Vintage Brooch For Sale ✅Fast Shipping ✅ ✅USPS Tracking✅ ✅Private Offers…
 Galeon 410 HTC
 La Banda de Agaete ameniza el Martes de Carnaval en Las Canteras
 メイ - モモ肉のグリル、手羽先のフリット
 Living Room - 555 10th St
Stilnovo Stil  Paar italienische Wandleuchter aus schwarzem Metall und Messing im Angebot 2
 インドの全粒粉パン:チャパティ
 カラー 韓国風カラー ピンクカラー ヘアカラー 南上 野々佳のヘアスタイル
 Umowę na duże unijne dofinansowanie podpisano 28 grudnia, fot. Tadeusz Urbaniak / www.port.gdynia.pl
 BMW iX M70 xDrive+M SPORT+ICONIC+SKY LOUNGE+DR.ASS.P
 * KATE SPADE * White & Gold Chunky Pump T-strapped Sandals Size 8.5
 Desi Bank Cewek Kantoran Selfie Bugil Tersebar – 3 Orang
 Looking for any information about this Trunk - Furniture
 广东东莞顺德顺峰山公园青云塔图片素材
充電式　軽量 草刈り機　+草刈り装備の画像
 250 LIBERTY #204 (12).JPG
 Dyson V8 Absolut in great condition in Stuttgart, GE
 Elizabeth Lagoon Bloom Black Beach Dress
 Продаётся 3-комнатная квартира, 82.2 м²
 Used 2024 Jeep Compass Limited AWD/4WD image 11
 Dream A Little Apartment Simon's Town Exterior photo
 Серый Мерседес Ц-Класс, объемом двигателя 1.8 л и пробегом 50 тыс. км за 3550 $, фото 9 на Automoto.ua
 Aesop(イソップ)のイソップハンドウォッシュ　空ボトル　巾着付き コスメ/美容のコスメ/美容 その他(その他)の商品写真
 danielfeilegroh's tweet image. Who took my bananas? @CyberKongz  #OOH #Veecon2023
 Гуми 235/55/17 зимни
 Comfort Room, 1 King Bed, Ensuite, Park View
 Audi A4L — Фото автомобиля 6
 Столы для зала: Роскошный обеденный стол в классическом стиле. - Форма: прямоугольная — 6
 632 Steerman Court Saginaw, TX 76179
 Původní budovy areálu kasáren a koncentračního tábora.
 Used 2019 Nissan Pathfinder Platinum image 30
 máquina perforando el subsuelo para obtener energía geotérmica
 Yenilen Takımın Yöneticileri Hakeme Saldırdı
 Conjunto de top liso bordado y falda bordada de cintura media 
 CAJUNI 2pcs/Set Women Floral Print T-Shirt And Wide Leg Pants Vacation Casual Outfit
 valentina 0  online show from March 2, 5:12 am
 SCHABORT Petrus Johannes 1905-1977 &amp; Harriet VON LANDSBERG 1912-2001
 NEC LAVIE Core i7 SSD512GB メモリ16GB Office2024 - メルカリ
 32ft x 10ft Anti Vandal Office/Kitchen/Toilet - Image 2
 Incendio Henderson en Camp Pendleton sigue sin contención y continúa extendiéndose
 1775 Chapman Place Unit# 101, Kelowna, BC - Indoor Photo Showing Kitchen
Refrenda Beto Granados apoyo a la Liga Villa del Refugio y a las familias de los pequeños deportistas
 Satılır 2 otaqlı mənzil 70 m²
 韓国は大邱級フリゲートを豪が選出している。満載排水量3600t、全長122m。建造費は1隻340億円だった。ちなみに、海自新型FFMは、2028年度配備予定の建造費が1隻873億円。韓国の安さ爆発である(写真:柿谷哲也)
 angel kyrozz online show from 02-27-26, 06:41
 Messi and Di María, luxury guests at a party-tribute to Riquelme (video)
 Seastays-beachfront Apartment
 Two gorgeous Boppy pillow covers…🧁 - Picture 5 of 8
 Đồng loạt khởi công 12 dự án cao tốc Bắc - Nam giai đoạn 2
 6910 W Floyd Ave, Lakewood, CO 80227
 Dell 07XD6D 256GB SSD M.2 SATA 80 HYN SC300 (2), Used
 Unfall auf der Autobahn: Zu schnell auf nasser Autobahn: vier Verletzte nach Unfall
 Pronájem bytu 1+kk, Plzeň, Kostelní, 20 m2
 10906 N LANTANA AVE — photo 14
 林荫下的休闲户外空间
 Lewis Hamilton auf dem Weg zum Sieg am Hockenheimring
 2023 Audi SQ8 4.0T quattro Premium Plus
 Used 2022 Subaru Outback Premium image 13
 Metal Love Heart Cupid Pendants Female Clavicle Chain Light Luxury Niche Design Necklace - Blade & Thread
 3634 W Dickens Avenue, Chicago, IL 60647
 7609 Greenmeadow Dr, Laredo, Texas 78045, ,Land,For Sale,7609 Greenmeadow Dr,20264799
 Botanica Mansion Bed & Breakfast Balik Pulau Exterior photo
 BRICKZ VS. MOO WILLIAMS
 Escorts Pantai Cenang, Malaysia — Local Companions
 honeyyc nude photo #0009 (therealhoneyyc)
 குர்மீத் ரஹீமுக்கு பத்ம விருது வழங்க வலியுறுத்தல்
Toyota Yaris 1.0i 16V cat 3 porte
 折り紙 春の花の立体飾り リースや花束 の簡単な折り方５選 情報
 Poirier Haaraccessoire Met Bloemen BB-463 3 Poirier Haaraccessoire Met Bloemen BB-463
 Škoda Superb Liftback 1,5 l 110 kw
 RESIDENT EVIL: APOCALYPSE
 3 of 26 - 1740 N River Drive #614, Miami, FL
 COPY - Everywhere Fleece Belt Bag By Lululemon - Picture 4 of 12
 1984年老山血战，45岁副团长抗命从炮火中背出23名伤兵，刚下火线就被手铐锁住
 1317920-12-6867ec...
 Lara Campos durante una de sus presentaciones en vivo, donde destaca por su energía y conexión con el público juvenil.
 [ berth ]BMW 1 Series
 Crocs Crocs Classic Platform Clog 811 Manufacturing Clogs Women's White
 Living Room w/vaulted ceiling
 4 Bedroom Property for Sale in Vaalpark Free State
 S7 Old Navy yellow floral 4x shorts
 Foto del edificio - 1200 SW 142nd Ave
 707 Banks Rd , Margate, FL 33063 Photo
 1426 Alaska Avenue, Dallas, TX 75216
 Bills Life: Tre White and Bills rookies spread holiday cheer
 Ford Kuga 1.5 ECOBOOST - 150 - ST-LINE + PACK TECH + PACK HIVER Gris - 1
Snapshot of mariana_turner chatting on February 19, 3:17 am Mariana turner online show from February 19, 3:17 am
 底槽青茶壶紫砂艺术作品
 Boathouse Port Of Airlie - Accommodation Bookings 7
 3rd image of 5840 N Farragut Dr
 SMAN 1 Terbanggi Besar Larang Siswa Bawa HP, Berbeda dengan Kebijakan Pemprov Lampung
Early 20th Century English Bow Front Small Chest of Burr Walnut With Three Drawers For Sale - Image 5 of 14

# Work request
Using the records above, copy all lines that include the word "energía".

# Output below
 máquina perforando el subsuelo para obtener energía geotérmica
 Lara Campos durante una de sus presentaciones en vivo, donde destaca por su energía y conexión con el público juvenil.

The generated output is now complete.